Level 5 Rooftop Restaurant
French Classics, Five Stories Up in the Desert
Albuquerque · Albuquerque · Farm to Table · Visit Website ↗
Reviewed April 18, 2026
Wingman Metrics
First Impression
You're on a rooftop in Albuquerque, Sandia Mountains in the distance, and the wine list opens with Burgundy and Bordeaux. It's not what you expect, which is exactly the point. Wine Spectator has had their eye on this list since 2021, and once you flip through it, you understand why.
Selection Deep Dive
Level 5 leans hard into France — and that's not a complaint. Burgundy gets real representation with Domaine Drouhin and Louis Jadot, while the Bordeaux side brings genuine weight via Château Léoville-Barton and Château Pichon Baron, both serious names that don't usually show up between a green chile app and roasted beets. The Rhône gets its due with M. Chapoutier and E. Guigal anchoring the selection, and Loire whites — Sancerre and Pouilly-Fumé — give the list a clean, food-friendly backbone. At 150-250 bottles, this isn't a sprawling cellar, but it's focused and coherent in a way that most rooftop restaurant lists never manage.
By the Glass
Twelve to twenty options by the glass is a healthy spread for this format, and the $12-$18 range keeps things accessible without feeling like a dive bar special. We'd like to see more rotation and a few by-the-glass pours that reflect the adventurous side of the bottle list, but what's here gets the job done for a rooftop crowd that's often split between wine drinkers and cocktail people.

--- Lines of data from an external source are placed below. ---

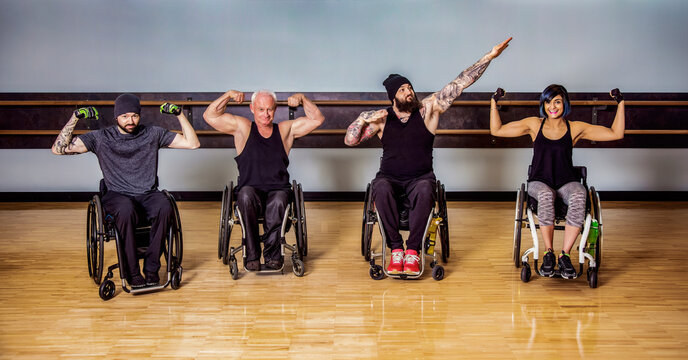 A group of paraplegic friends fooling around showing their muscles after a workout in fitness facility: Sherwood Park, Alberta, Canada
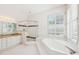 Well-lit bathroom featuring a soaking tub, a walk-in shower, double sinks, and plantation shutters at 6 Talaquah Blvd, Ormond Beach, FL 32174
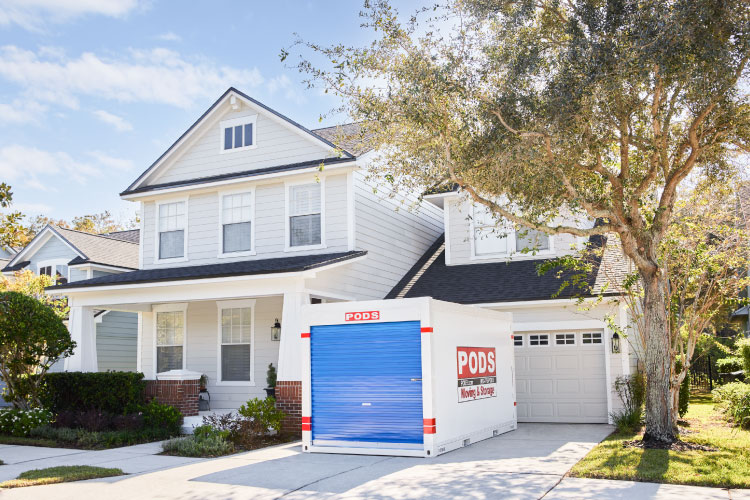 A PODS portable moving and storage container is positioned conveniently in the driveway of a two-story home in Tampa, Florida.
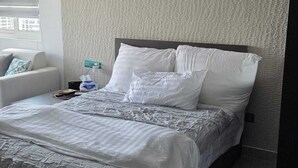 Un letto rifatto con lenzuola bianche, una coperta grigia a fantasia e una testiera.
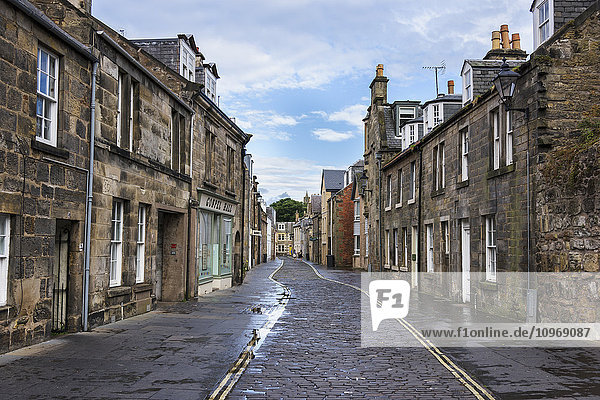 Kopfsteinpflasterweg in der Mitte einer Straße  die zwischen Häuserreihen verläuft; St. Andrews  Fife  Schottland
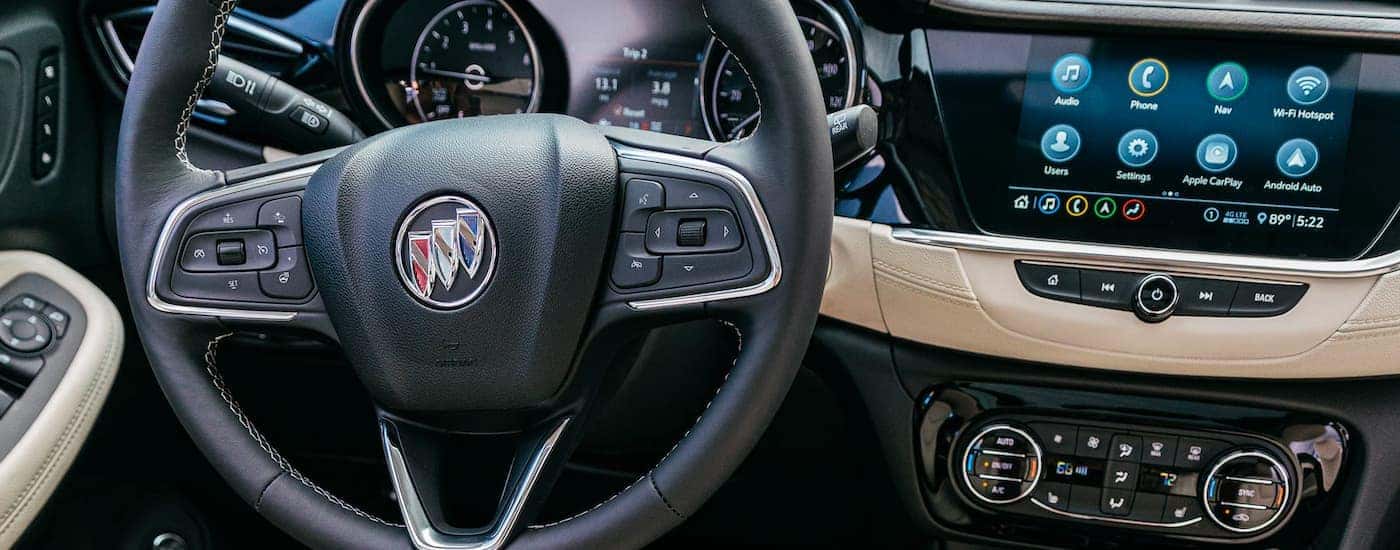 A close up shows the steering wheel and infotainment system on a 2021 Buick Encore GX.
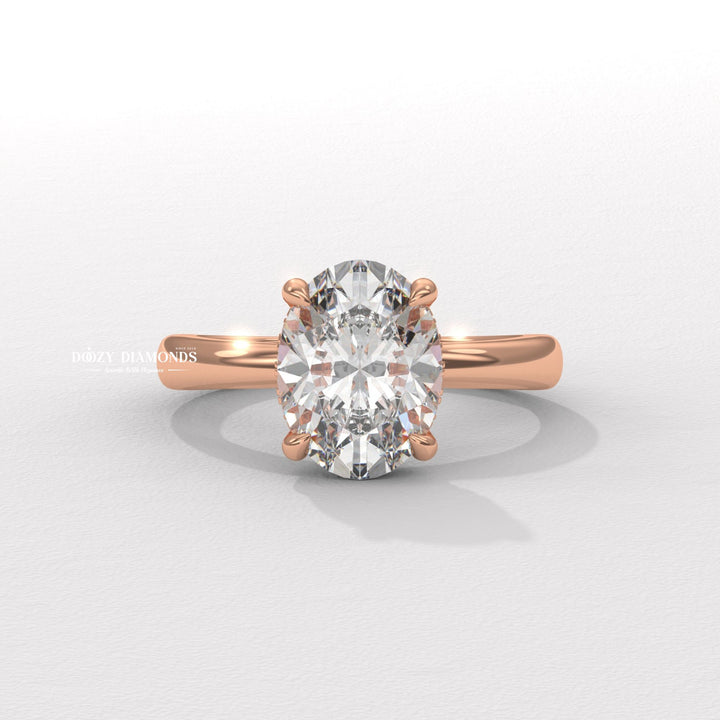 Oval solitaire engagement ring viewed from the side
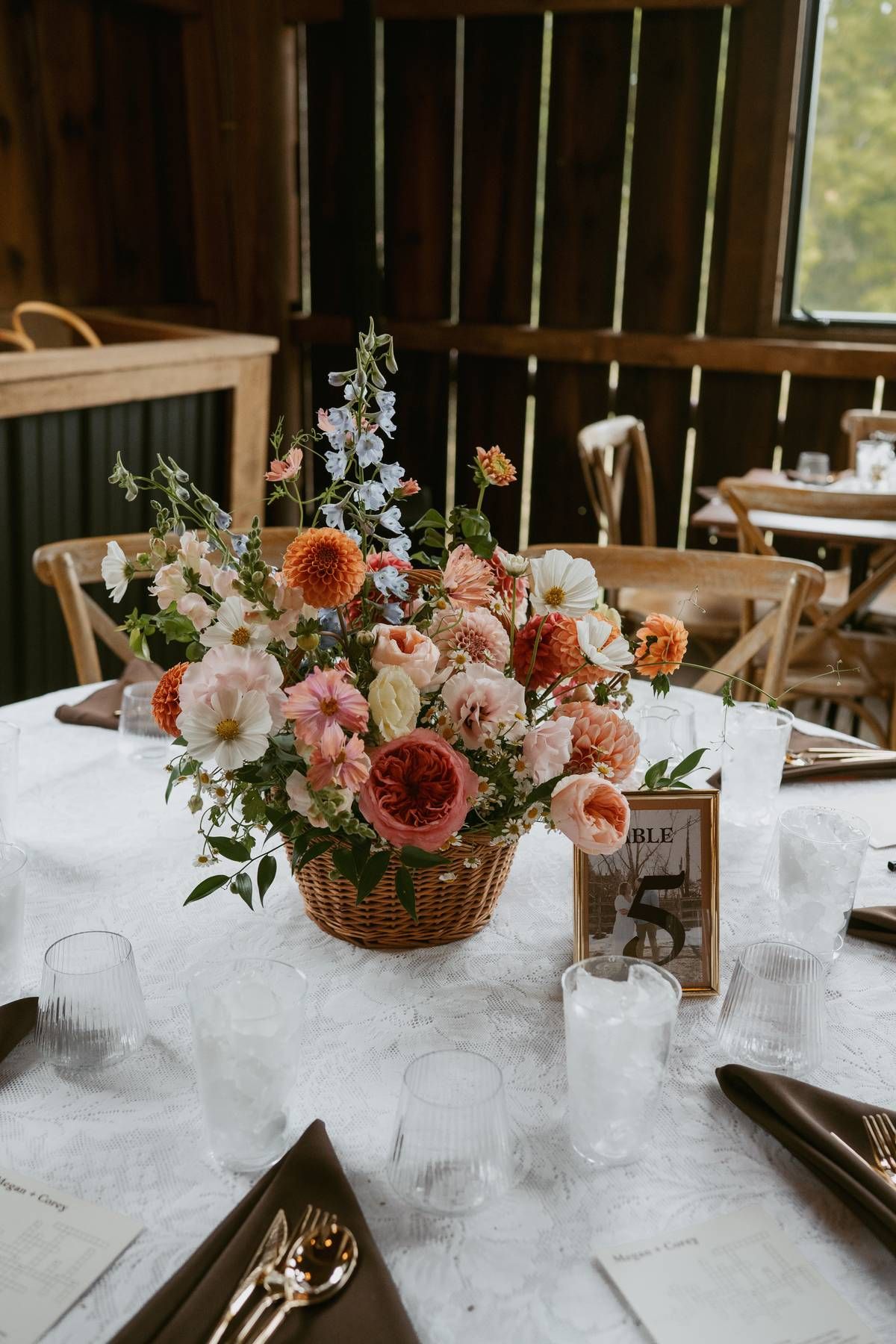 Elegant wedding reception table with coral and pink floral centerpieces on white tablecloth in rustic wooden venue.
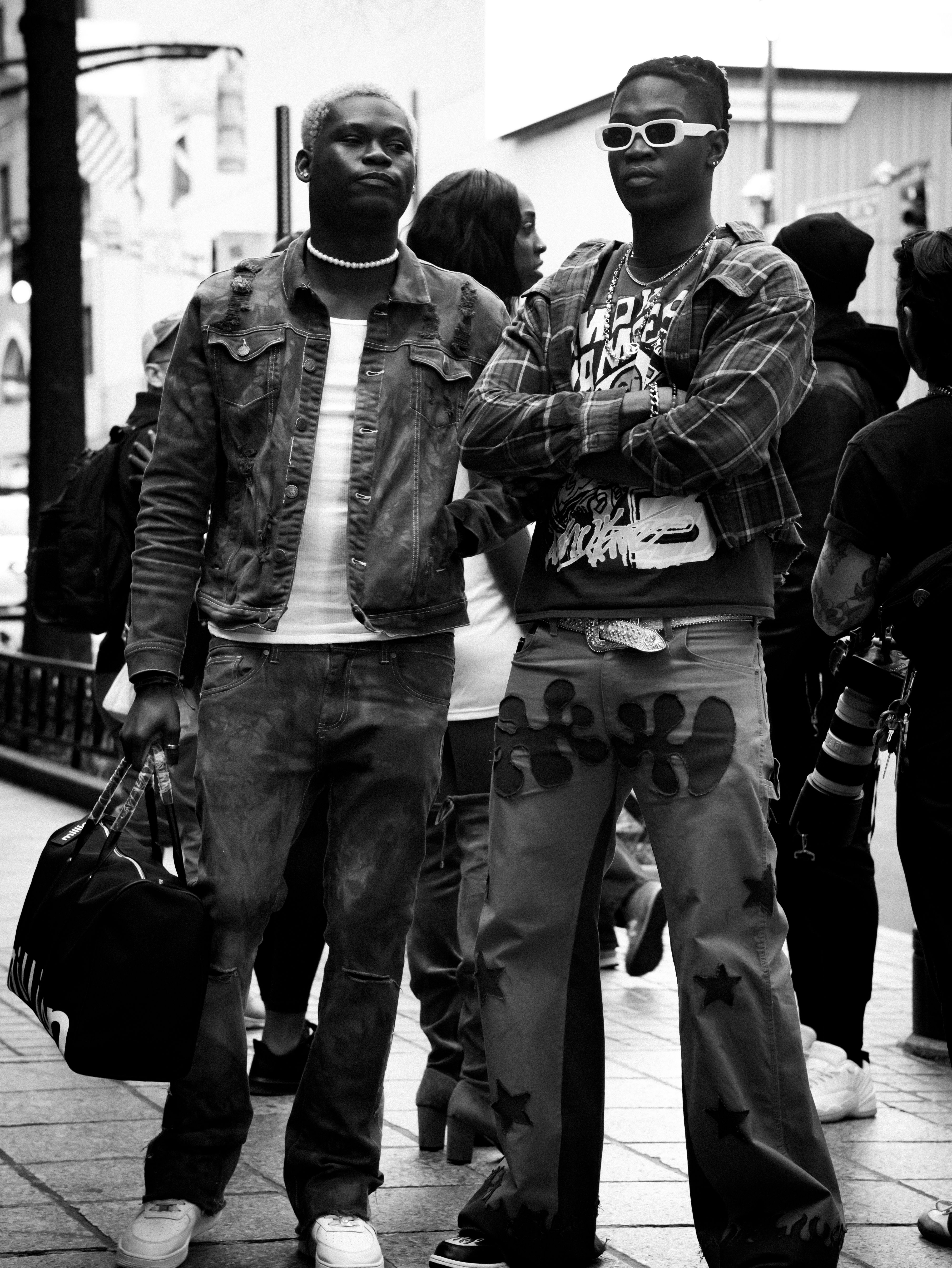 Black and white photo of two men showcasing urban street fashion in downtown Atlanta.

E. Guigal Côtes du Rhône — $45
Guigal's entry-level Rhône consistently punches above its price tier — juicy, food-friendly, and one of the most reliable bottles in French wine. At the low end of this list's bottle range, it's the easy win.
Pouilly-Fumé
Most tables here are going to reach for a red, but a Loire Pouilly-Fumé against the house-made charcuterie or that roasted beet salad with local cheese is a quietly devastating combo — crisp, mineral, and genuinely underordered at a farm-to-table spot like this.
Château Pichon Baron
This is a prestige Bordeaux label and the price will reflect it — you're paying for the name in a setting where the food story is really about New Mexico, not Pauillac. Save the Pichon Baron for a night when that's the whole point.

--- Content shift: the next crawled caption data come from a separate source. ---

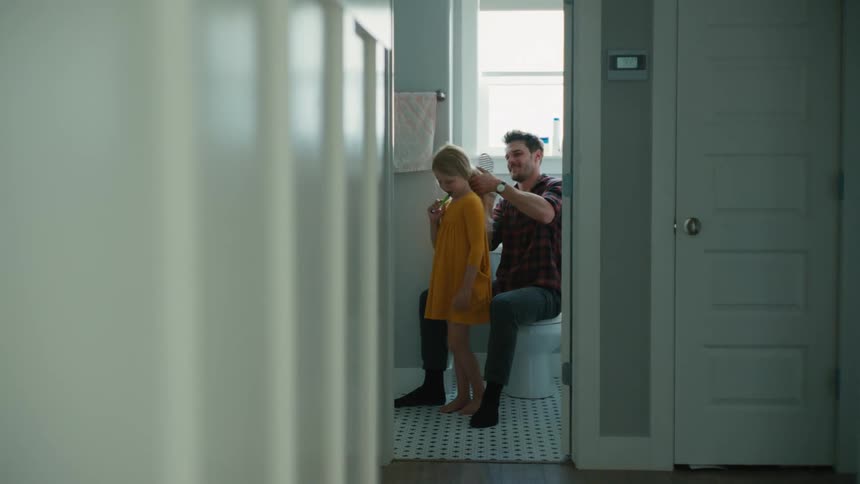 A man brushes the hair of a girl while she brushes her teeth in a home bathroom during the day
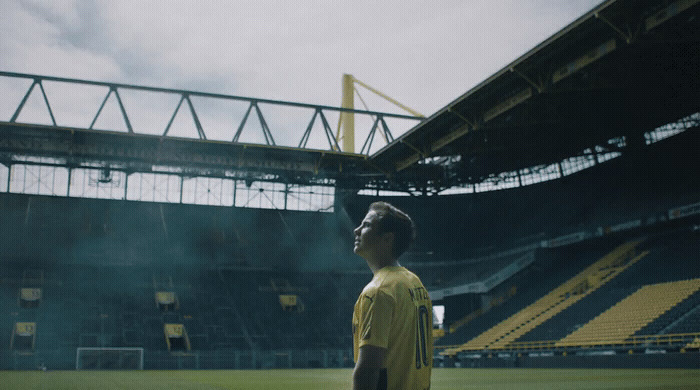 a man in a yellow shirt standing on a soccer field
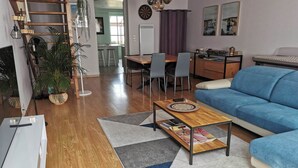 A modern living room with a blue sofa, wooden coffee table, and a dining area with a kitchen in the background. - Maison Dans Charmante Bourgade (Paimbœuf)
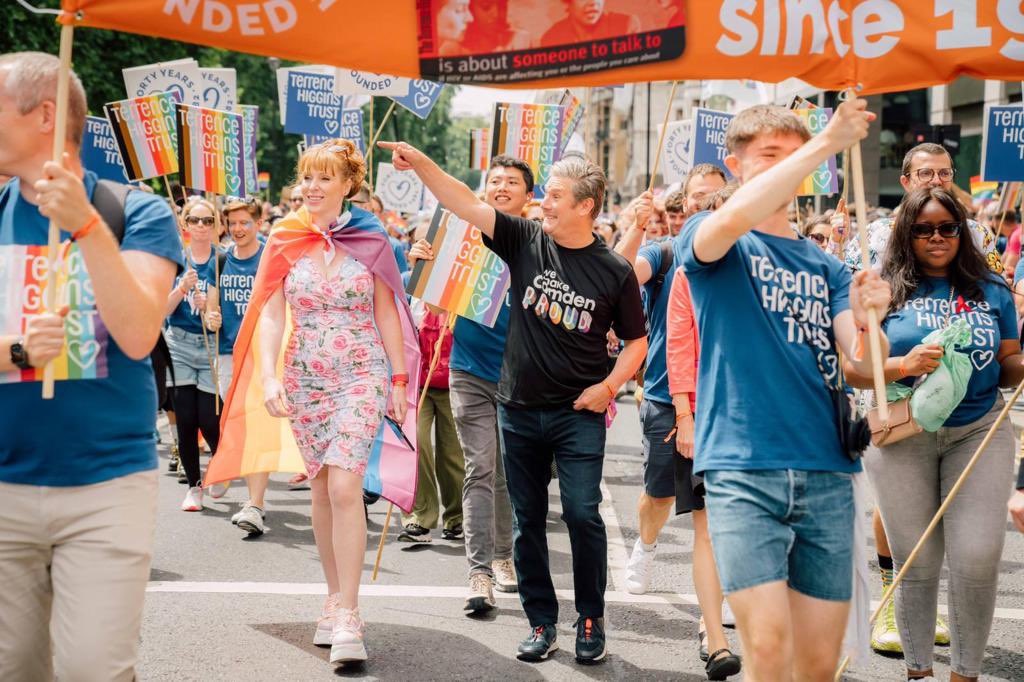 Angela Rayner and Sir Keir Starmer walking with Terrence Higgins Trust at Pride in London.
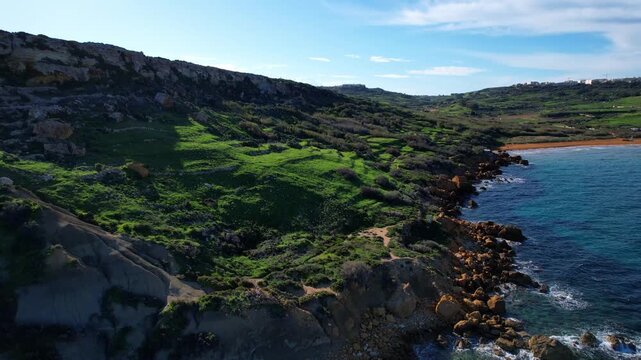 Aerial drone view of the most beautiful Malta beach in Gozo, vibrant red sand Ramla beach with crystal clear blue water and mesmerizing waves with lush green vegetation around it and the famous Mixta 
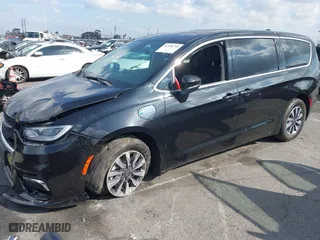 2023 Chrysler Pacifica Hybrid Touring L with VIN 2C4RC1L78PR543402, listed as a IAAI auction lot 41536710 with 35,867 mi miles. Bid and sale history available at carsss.com. Image 19.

Sancerre + Roasted Beet Salad with Local Cheese
Sancerre's bright acidity and grassy minerality cut right through the earthiness of roasted beets and complement the tang of local New Mexico cheese without stepping on either. Classic Loire logic applied to a Southwest plate.
🎲 The Bottom Line
Level 5 is the kind of wine list that earns a double-take — a France-forward, Wine Spectator-recognized program perched on a rooftop above Albuquerque. It's not perfect, but it's specific and it cares, and that counts for a lot when you're watching the sun drop behind the Sandias with a glass of Guigal in hand.